The term ‘adverse possession’ is well known; however, the legal concept itself is not. The effect of adverse possession is that a true owner can permanently lose the title to their land, by reason of some other person having been in occupation of the land – continuously, intentionally, factually and without permission. In accordance with the provisions of section 8 Limitations of Actions Act 1958, this occupation by the adverse possessor (and their predecessor in title) must be in excess of 15 years.

The Fences Act does not alter the law on adverse possession. Therefore, in order to make a claim, one must meet the aforementioned requirements. However, unlike an application under section 60 Transfer of Land Act 1958, the adverse possessor need not show that there has been an express assignment of their possessory rights if they have not been registered as owner for the entirety of the 15 years, but the aggregate period of possession between them and their predecessor in title is 15 or more years (Shelmerdine and Another v Ringen Pty Ltd and Another [1993] 1 VR 315).

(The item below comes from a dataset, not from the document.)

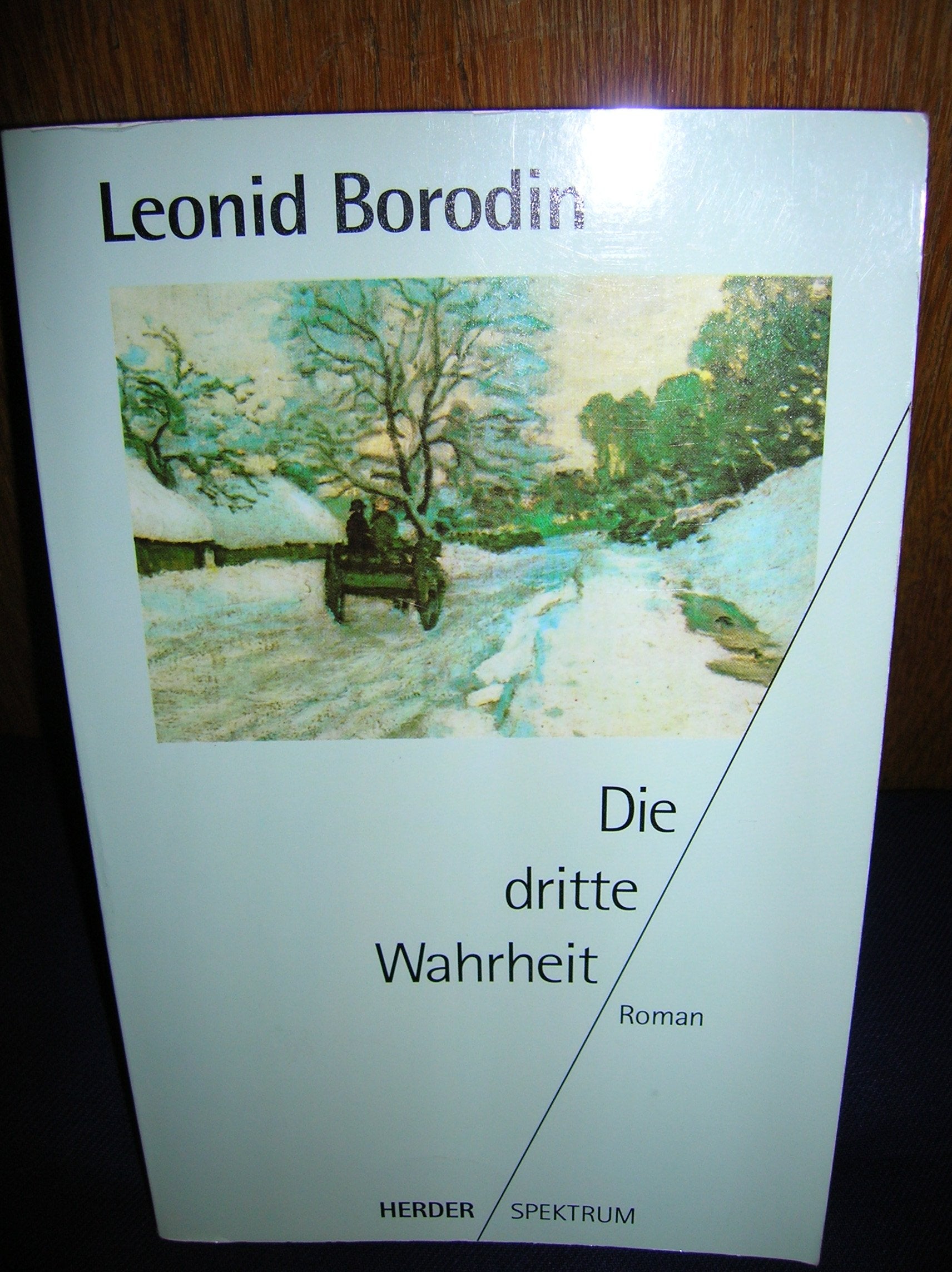 Die dritte Wahrheit. Roman Books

The process of filing a complaint for an order pursuant to section 30E works in much the same way as filing a complaint for an order pursuant to section 30C Fences Act. In this regard, if you are the issuer of the Fencing Notice, you must wait 30 days after the service of the Notice prior to issuing proceedings. Similarly, if one has been served with a Fencing Notice, they may bring proceedings under section 30E, if no agreement has been reached within 30 days of receipt of the Notice.